Command Line Interface

Tigerfish was written by Robin Aguilar while in the Department of Genome Sciences at the University of Washington.

Official code website: Tigerfish GitHub Repo

The Tigerfish workflow is managed by Snakemake which is used to scale and automatically deploy pipeline jobs in parallel as described in our getting started page.

Each script in the Tigerfish workflow has a set of parameters that may be modified by users which are found in the pipeline’s config.yml file.

As a user, one would only need to modify arguments from the config.yml file in order to get Tigerfish working. Named arguments are defined in detail below.

Recommended default parameters are also provided that were used for probe mining in the latest version of the CHM13 (V2.0) genome.

Named Arguments in config.yml for main workflow

Required files for getting started

fasta_file: File path. The genomic reference file used for probe design. Should includes all scaffolds of interest in the provided genome in proper FASTA format.

chrom_sizes_file: File path. The chromosome sizes file containing all scaffolds and scaffold lenths.

If one is unsure of whether they have the correct chrom.sizes file for a given genome build, it may be derived using the following command on a Linux terminal:

$ pip install pyfaidx \
 && faidx input.fasta -i chromsizes > sizes.genome

bed_file: Optional file path if set to “TRUE” for defined_coords. This BED file should contain tab seperated positional information (chrom, start, stop) for a target repeat region of interest.

Run modes

  1. defined_coords: string Boolean flag. If marked as “TRUE” a BED file path must be provided for the bed_file parameter. If parameter is not being used, it should be toggled to “FALSE”.

  2. repeat_discovery: string Boolean flag. If marked as “TRUE”, Tigerfish will be implemented to search for repeat specific chromosomes along select scaffolds or the entire geome as long as scaffold names are listed in the samples parameter. If defined_coords is being used instead, toggle repeat_discovery = “FALSE”.

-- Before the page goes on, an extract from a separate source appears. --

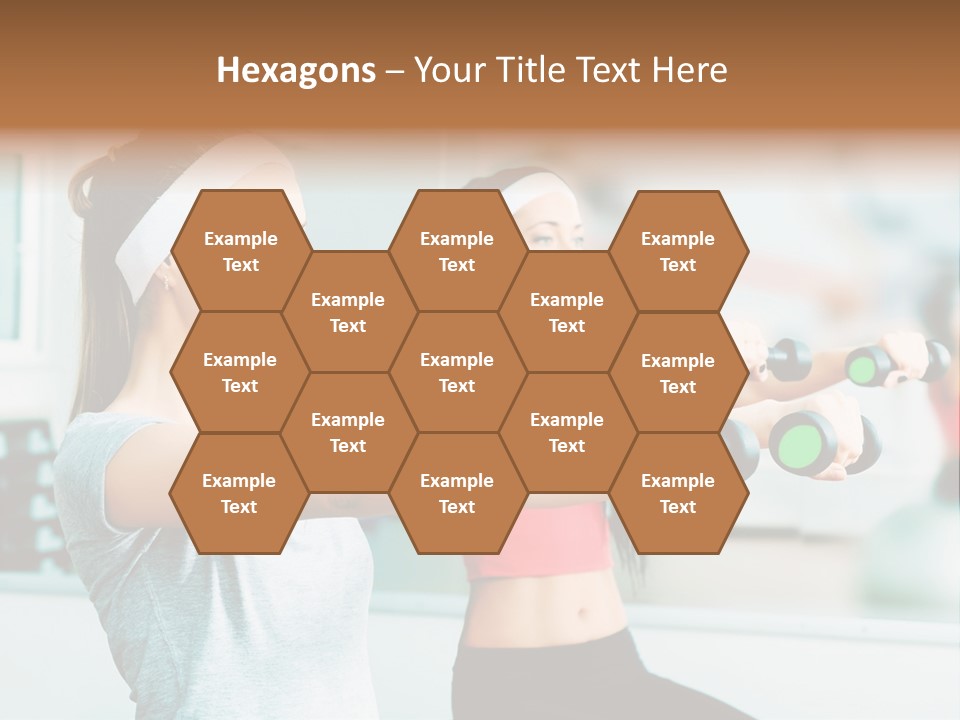 Train Muscular Muscles PowerPoint Template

  3. probe_cand_binding: string Boolean flag. If marked as “TRUE”, Tigerfish will be implemented to take probe candidates that have undergone alignment_filter to generate genome wide binding information and chromoMaps of repeat targets. All other run modes should be toggled to “FALSE” for expected behavior.

Ways to direct Tigerfish behavior with provided files

bowtie2_indices_given: string Boolean flag. If marked “TRUE” users must provide a valid file path to a correctly derived Bowtie2 index. If marked False a Bowtie2 index for the queried genome of interest will be made de novo. Examples of how Bowtie file paths are provided are further described in our documentation and tutorials.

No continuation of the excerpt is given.